Vectorization (NumPy & Polars)

🚀 Vectorization (NumPy & Polars)

In Data Engineering, Vectorization is the single most important performance optimization. It allows Python to run numerical operations at “C-speed.”

🏗️ 1. Why is Python Slow for Data?

Python is interpreted and dynamically typed. A standard for loop over a large list involves:

Type Checking for every element.
Reference Counting overhead.
Boxing/Unboxing of Python objects.

🛠️ 2. NumPy: The Foundation

NumPy uses fixed-type arrays (like float64) and executes operations in highly optimized C loops.

import numpy as np

# Slow Python Loop
def slow_sum(data):
    total = 0
    for x in data:
        total += x
    return total

# Fast Vectorized NumPy
def fast_sum(data):
    return np.sum(data)

data = np.random.rand(1_000_000)
# fast_sum will be 10-100x faster!

📦 3. Polars: The Modern Pipeline

Polars is a lightning-fast DataFrame library written in Rust.

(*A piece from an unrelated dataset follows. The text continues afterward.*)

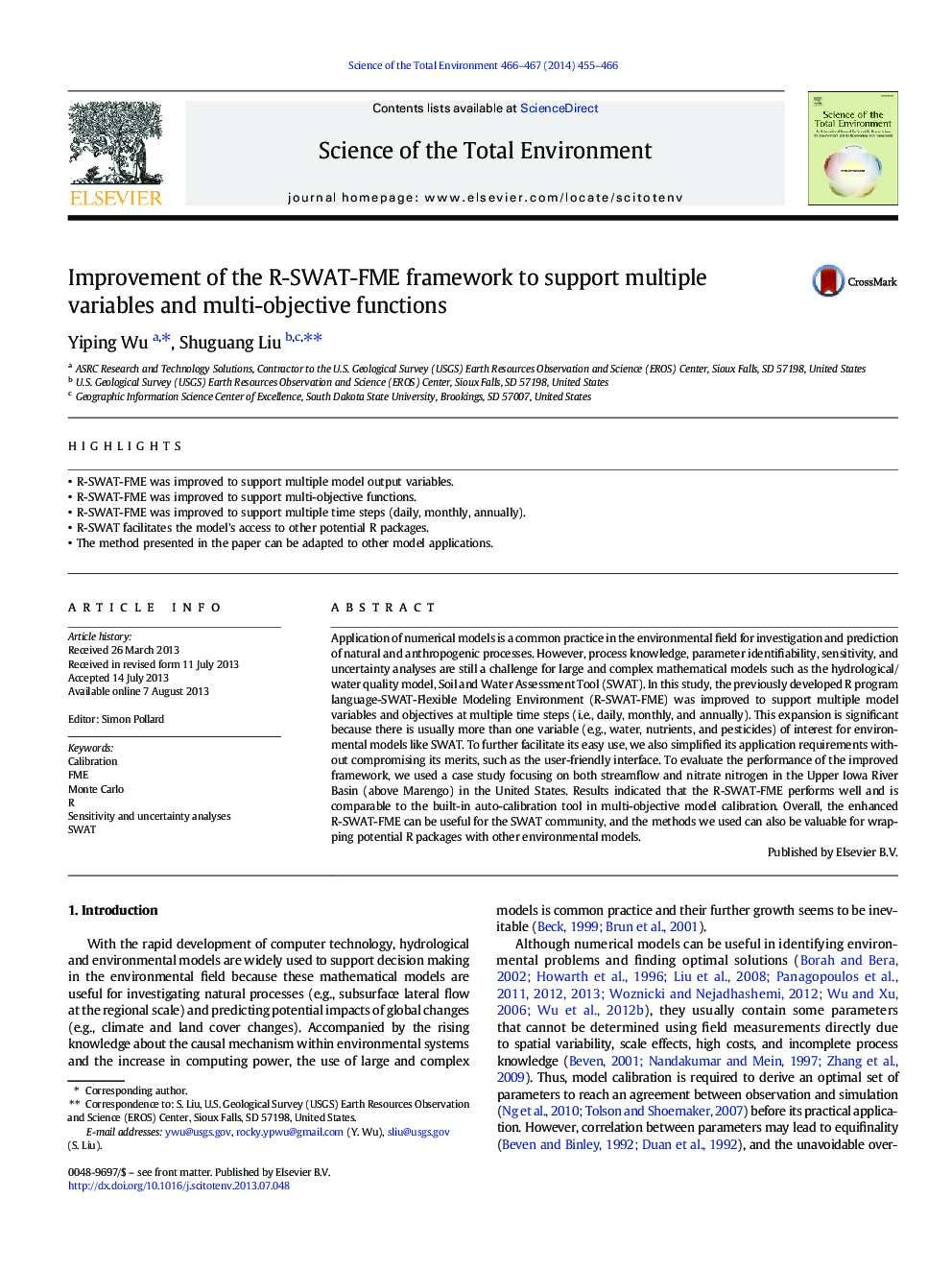 Improvement of the R-SWAT-FME framework to support multiple variables and multi-objective functions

It uses Apache Arrow memory and is significantly faster than Pandas.

Key Features:

Lazy Evaluation: Optimized query execution.
Multithreading: Parallel processing by default.
Vectorized Engine: Uses SIMD (Single Instruction Multiple Data) instructions.

import polars as pl

df = pl.read_csv("large_data.csv")

# Vectorized transformation in Polars
result = (
    df.lazy()
    .filter(pl.col("value") > 100)
    .group_by("category")
    .agg(pl.col("score").mean())
    .collect()
)

🚦 4. SIMD & Memory Layout

Vectorized libraries leverage:

SIMD: Processing multiple data points in one CPU instruction.
Contiguous Memory: Storing data in a flat buffer for better CPU cache locality.